In all our years together Herself and I have never been in the shit. In the vicinity a time or two, but never to the point of grabbing go-bags and critter kennels and beating feet. We know things will never be the same, but we hope they get better.

Riding the great Divide

Shades of autumn in the Elena Gallegos Open Space.

O, the weather outside is far from frightful. And the fires are mostly prescriptive. And since we’ve no place to go … even so, let’s just hold off on the snow for a while, if you don’t mind.

Fall rides are my favorite rides. While I occasionally miss aspects of Interbike — the paydays, the feasting and roistering on various publishers’ credit cards, the simply Getting Out of Dodge — I do not long to waste another week of prime cycling weather motoring to and from Sin City in a clattering Nipponese four-banger, with long miles of trudging from casino to expo and back again through the low-hanging clouds of Marlboro exhaust and Bud Light sweat.

On Friday I was muscling the Co-Motion Divide Rohloff around the Elena Gallegos Open Space when I came up on a couple mountain bikers standing about where I saw a good-sized rattler in the grass on Tuesday. So I stopped to see what was what.

They’d seen a tarantula hairy-legging it across the trail and stopped for a peek, so I had one too.

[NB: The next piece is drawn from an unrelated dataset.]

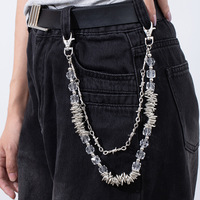 Chaîne de Taille Crâne Style Punk Sombre Homme, Chaîne pour Jean et Pantalon, Accessoires Hip-hop de Rue Personnalisés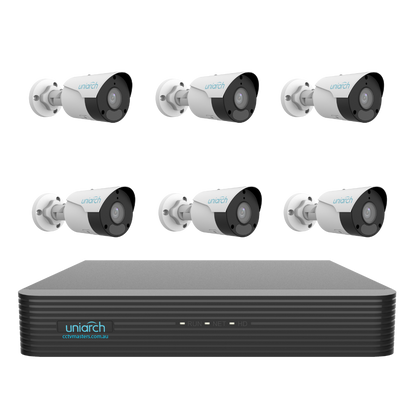 Uniarch Starlight Bullet Camera Kit, 6 x 6MP Pro Series 8Ch NVR Ultra 4K, Powered By Uniview, HDD Optional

Didn’t take a pic, because I always feel like some sort of half-assed journalist — or worse, a tourist — when I’m doing that sort of thing where people can catch me at it. But it’s always educational to see one of the critters who actually belong here in the Upper Chihuahuan Desert.

Speaking of things that go bump in the desert, thanks to everyone who lent an ear (sorry, no returns) to the revival of my long-dormant Radio Free Dogpatch podcast. I have no idea what’s next — I mean, shit, do any of us 10 days away from the pestilential erection? — but as soon as I do, you’ll hear all about it. Oyez, oyez, etc., et al., and so on and so forth.